You play as 3 different members of the Forrester household in this episode: Gared Tuttle who is a squire to Lord Gregor Forrester, Ethan who is one of Gregor's sons and becomes Lord of Ironrath when his father is killed, and Mira who is Ethan's older sister and has been sent to King's Landing to serve as a handmaiden to Lady Margaery Tyrell who is soon to become the Queen of the Seven Kingdoms. After House Forrester's army is massacred in a treacherous attack at the start of the episode, Gared is entrusted with the task of taking both Gregor's sword and a secret message back to Ironrath. On the way home, however, Gared becomes embroiled in a fight with members of House Bolton who are Wardens of the North. The rest of the episode revolves around the conflict that subsequently develops between House Forrester and House Bolton.
The characters models look very good and are generally convincing, though lip synchronization is not perfect in close-ups. The voice acting is equally good, with most of actors portraying the Northerners having appropriate North of England accents. Fans of Game of Thrones will be pleased to know that the few characters in the game that also appear in the television series are voiced by the same cast.
The episode is short, playable in only a few hours, and meant clearly to be a setup for a much longer story. The episode ends inconclusively and is followed by a brief trailer for the next episode. The game automatically saves your progress, fortunately at frequent intervals, and can support up to 4 game saves in parallel. There is also an option to rewind any saved game to preselected checkpoints, though any progress onward will be overwritten if you choose to replay it.
The game is currently being released only as a digital download and installs with no problems. The game can be played in either full screen or windowed mode. Most interactions in the game are made using the mouse only. Dialog choices appear at the bottom of the screen, after which you have a very limited time to make your selection.

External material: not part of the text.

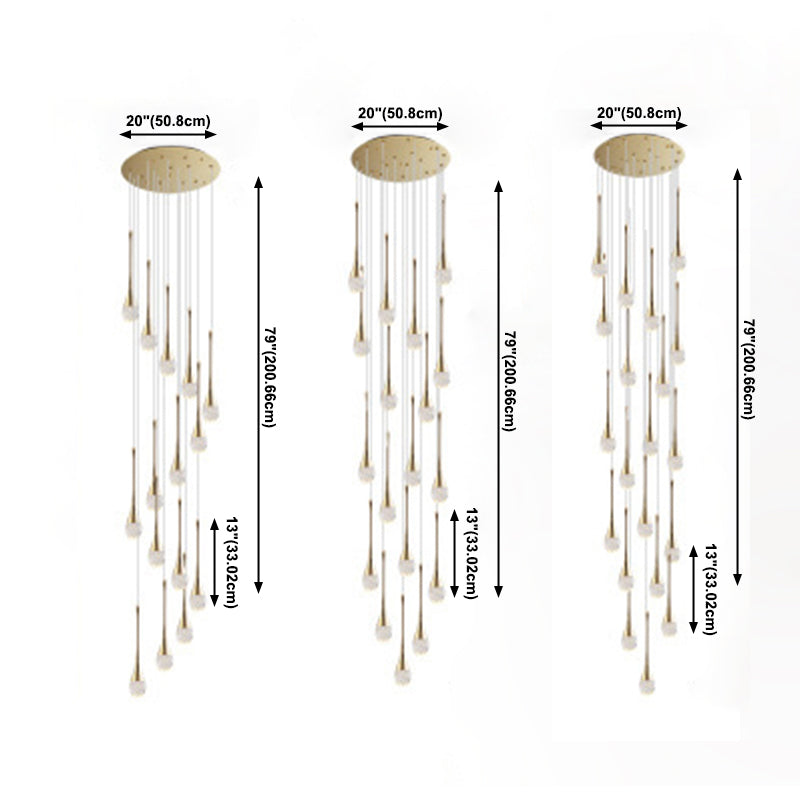 Crystal Gold LED Hanging Lamp in Modern Luxury Style Electroplate Aluminium Pendant Light for Stairs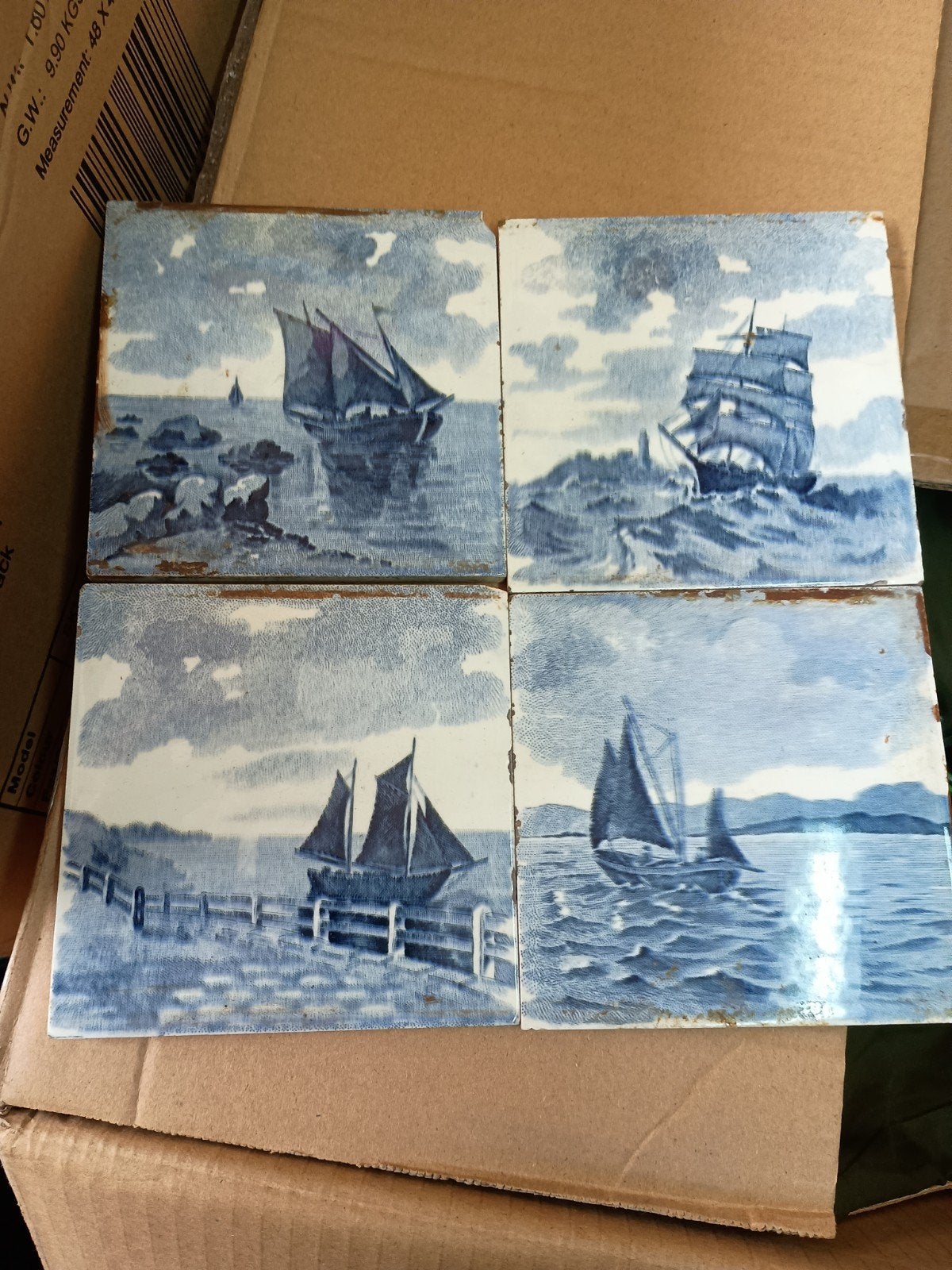 Antieke Delfts Blauwe tegels (Hemixem) - Set van 4S, Antiek en Kunst, Ophalen of Verzenden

I have found the mouse control to be a little erratic, and more than once I have ended up selecting either the wrong choice or none at all. On the other hand, the few action sequences are controlled using both the mouse and the keyboard. Large arrows appear on screen to indicate which direction your character needs to move to avoid death (which you select by pressing the W, A, S and D keys), and circles show where you need to use the mouse to grab a weapon or take some immediate action. In some critical moments, you also need to press the Q key repeatedly and quickly until the action is completed. You press the E key to direct your character's escape.
If you die, the game reloads automatically at the start of the previously failed sequence for you to try again. Not infrequently, I have found that I need to play each sequence a few times to familiarize myself with the correct order of key and mouse presses. None of the sequences are particularly challenging, however.
There are only a handful of locations in the game where you can control your character to roam around freely to explore your surroundings. In those locations, circles indicate the hotspots where your character can look at an object, read, talk to another character, or rarely, pick up an item.
In all, Game of Thrones Episode 1: Iron From Ice is sufficiently interesting that I have enjoyed playing through the episode, though I feel that my involvement in determining how the story and characters develop in the series has so far been only minimal. The game has the aesthetics of an animated film and may be more enjoyable to experience as such. While it may appeal to fans of the novel or television series who will see it as a welcome addition to the cannon, it is a disappointment to any adventure fan who wants to play it as a game.